O verbo nisdaq tem um significado abrangente bem usado no contexto de julgamento. Na forma nifal (que aparece em Daniel) ele tem o sentido amplo de “justificar, vindicar, corrigir, reabilitar”. Como ele foi usado nessa forma apenas aqui em Daniel seu significado preciso é difícil de determinar. Comparando com sua tradução grega na LXX (Septuaginta – tradução Judaica do Antigo Testamento no II séc AC) vemos que os judeus entenderam esse verbo como kataristhesetai (Gr. “tornar limpo, purificar”).

Esse significado amplo de purificar-limpar-justificar é encontrado no sistema judicial religioso de Israel no santuário. No livro de Levíticos os rituais prescritos por Deus mostram que impurezas morais e físicas estavam relacionadas. Ofertas era oferecidas para expiar (Heb. kipper) ambos os tipos de impureza. Nos rituais do santuário Israelita purificação era justificação. Como hoje alguém que faz algo ilegal tem o nome "sujo".

O leitor moderno deve entender a razão cultural pra tal associação. Religião no Antigo Oriente permeava todos os aspectos da vida. Assim, visto que Deus era o ser perfeito, qualquer variação do padrão divino era considerado pecado-impureza-doença. Assim doenças era consideradas maldições que Deus poderia resolver no contexto do santuário. Os israelitas traziam suas impurezas através de ofertas e transferiam para o santuário, para Deus. Assim podemos dizer que a casa de Deus funcionava como uma esponja de sugava a sujeira dos Israelitas.

Visto que Dan 8 possui linguagem do santuário especialmente aludindo ao ritual do Dia da Expiação é importante notar que esse dia era o dia do juízo final. Durante todo o ano o santuário recebia as impurezas dos israelitas, mas havia um dia que a casa de Deus era limpa de suas impurezas. Era nesse dia que os pecados eram purificados do santuário e consequentemente dos que depositaram eles ali em primeiro lugar (Lev 16). 

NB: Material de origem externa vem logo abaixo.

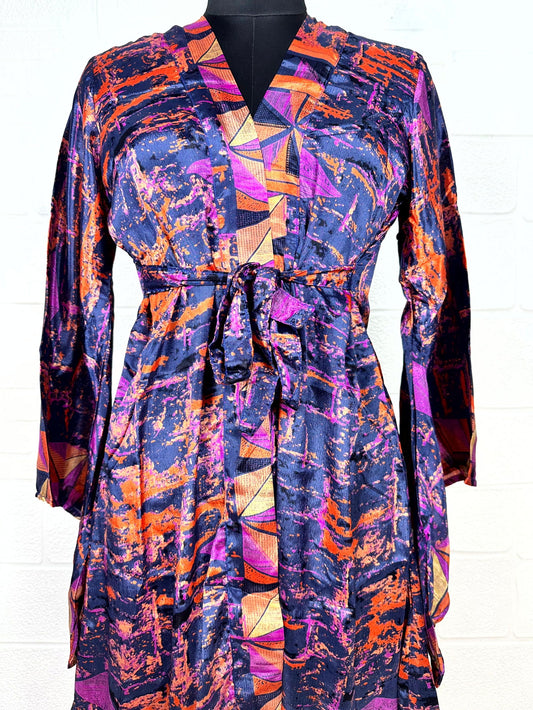 #tag1# - #tag2# - #tag3# - #tag4#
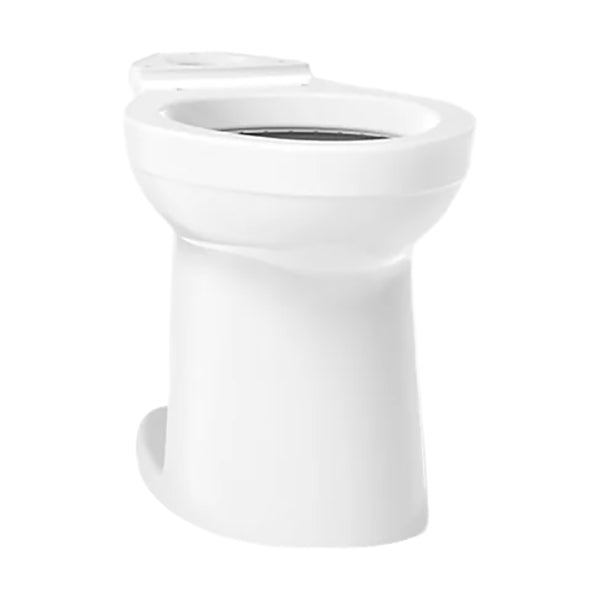Kohler 25076-0
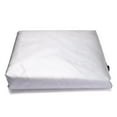 thumbnail image 3 of 75 Sizes Waterproof Outdoor Patio Garden Furniture Covers Rain Snow Chair Covers, 3 of 5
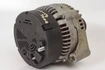 Mercedes 0091543602 Alternator | W140 V140 S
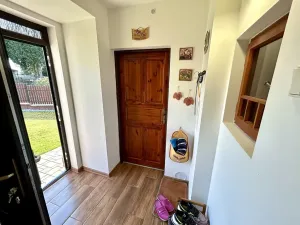 Prodej rodinného domu, Kejžlice, K Čejovu, 180 m2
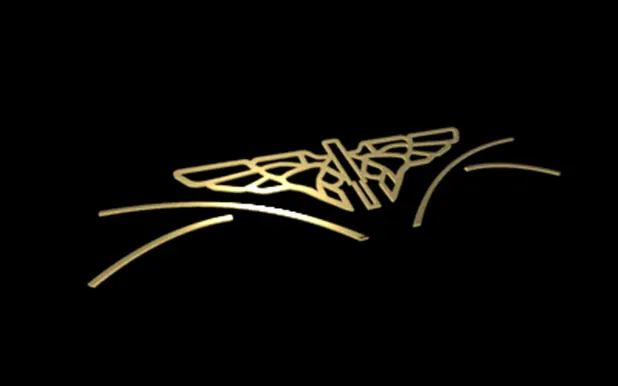 GG-logo-for-mobile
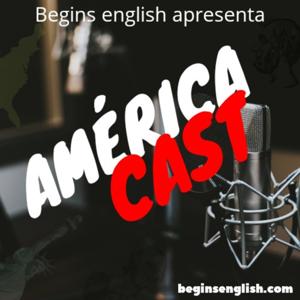 AméricaCast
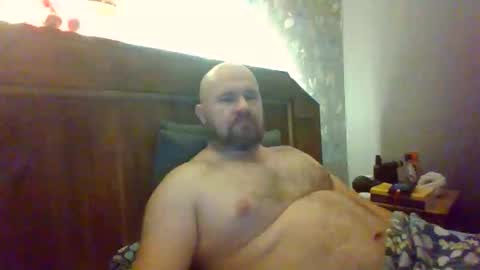 maxhunter online show from 09/11/25, 06:52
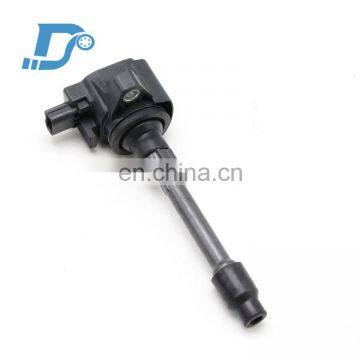 Ignition Coil Pack 30520-5R0-003 CM11-121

Nesse ritual todos era purificados, justificados – Deus, o santuário e os arrependidos. Essa linguagem de purificação também é encontrada em Jó 4:17 e 25:4 onde o verbo tsdq (Heb. “justificar”) é sinônimo com thr (Heb. “puro”) ou zkh (Heb. “limpo”). Note que em Lev 16:30 o objetivo final do ritual da Expiação era tornar o pecador thr (limpo).

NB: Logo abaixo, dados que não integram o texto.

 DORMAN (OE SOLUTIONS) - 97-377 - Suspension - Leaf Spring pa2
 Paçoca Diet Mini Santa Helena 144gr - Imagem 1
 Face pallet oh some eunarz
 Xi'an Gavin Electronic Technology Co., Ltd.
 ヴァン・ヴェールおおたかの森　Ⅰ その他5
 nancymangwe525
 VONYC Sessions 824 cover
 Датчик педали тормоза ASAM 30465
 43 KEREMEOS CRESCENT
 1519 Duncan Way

Assim quando o anjo menciona que o santuário será “purificado” ele está aludindo ao objetivo final do plano da salvação divina. Até então os pecadores têm depositado seus pecados em Deus via Cristo (e.g. I Jo 1:9; Rom 5-6; Jo 1:29; II Cor 5:21) mas há um dia que o santuário será purificado. Em Lev 16 é descrito que nesse dia o arrependido era purificado e o não-arrependido (que se apegou ao seu pecado) era destruído (Lev 23:29,30). E Daniel informa quando esse dia começa, em 2300 dias-anos.

Comunicação divina: o juízo divino mostra que um dia todo o pecado será destruído e quem estiver apegado a ele também. Se apegue a Jesus e deixe Ele te purificar.